Data excerpts
[Start of section]

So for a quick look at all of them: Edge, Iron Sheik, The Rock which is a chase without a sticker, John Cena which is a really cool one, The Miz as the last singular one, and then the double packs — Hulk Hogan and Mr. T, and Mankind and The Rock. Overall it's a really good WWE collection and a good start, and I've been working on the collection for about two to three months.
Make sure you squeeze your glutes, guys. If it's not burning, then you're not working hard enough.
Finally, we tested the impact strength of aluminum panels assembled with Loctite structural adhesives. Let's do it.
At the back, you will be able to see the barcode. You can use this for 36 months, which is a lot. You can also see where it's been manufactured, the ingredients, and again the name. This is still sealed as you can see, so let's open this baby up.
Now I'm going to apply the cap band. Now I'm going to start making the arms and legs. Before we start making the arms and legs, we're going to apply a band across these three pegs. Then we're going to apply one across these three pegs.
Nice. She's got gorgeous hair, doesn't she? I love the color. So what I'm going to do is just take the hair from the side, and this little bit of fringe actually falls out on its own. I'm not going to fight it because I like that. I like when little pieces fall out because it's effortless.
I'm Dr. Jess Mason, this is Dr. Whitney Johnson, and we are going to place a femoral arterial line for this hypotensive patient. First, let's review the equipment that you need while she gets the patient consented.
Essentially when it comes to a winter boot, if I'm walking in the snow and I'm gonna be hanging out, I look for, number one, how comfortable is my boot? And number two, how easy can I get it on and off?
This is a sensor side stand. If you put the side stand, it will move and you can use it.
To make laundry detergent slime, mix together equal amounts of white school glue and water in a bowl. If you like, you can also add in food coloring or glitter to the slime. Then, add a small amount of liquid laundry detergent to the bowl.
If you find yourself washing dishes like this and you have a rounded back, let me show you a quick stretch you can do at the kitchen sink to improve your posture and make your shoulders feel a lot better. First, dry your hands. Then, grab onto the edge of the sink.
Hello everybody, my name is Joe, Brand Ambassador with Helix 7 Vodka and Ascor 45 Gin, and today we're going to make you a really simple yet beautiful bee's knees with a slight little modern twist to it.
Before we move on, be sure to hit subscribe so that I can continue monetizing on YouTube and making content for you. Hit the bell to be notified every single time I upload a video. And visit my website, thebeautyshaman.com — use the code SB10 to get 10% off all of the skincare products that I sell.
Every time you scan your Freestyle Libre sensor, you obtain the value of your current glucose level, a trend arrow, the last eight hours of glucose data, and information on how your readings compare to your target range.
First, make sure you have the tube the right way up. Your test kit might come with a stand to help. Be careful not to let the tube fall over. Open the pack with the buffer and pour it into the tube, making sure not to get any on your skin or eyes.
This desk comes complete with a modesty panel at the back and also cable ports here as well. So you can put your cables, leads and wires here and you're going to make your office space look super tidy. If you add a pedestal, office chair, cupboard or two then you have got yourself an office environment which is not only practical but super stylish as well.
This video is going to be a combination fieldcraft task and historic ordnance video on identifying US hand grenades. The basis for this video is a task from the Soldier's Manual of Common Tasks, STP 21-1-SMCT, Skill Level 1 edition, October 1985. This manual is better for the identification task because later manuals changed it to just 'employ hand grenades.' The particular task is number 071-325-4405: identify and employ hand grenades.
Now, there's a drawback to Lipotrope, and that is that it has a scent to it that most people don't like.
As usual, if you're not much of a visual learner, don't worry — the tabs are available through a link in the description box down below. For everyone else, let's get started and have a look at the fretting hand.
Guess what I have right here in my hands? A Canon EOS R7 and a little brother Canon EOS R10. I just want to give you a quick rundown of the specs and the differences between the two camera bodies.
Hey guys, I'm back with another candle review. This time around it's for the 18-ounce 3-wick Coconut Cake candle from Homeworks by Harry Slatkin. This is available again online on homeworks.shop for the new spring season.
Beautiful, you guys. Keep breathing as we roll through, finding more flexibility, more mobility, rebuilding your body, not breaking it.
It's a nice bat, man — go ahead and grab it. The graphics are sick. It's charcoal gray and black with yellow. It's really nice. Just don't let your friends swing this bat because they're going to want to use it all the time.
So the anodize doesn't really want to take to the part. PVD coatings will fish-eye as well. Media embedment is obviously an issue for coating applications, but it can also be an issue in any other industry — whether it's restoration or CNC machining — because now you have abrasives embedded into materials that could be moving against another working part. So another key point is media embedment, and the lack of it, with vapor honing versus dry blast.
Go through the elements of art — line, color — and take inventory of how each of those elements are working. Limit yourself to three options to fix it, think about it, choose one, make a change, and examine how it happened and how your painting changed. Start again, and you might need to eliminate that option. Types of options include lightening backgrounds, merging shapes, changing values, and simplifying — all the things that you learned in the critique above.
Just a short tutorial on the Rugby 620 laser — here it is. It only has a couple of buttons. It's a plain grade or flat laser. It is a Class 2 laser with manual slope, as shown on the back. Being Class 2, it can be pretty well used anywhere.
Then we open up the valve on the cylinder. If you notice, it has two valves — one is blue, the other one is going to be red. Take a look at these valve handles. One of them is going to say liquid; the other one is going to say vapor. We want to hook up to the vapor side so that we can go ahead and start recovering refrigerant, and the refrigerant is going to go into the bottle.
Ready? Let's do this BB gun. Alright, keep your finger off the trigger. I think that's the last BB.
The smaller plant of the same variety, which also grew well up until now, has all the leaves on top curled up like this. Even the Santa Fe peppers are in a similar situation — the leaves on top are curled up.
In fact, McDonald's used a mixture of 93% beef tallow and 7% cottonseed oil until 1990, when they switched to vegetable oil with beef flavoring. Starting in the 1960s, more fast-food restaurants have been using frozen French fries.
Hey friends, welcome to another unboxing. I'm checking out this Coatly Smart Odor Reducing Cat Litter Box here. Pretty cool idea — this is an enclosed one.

[End of section]

## What is needed
Count how many lines in the entries hold "ahead" and reply with that number alone.

## Expected output
2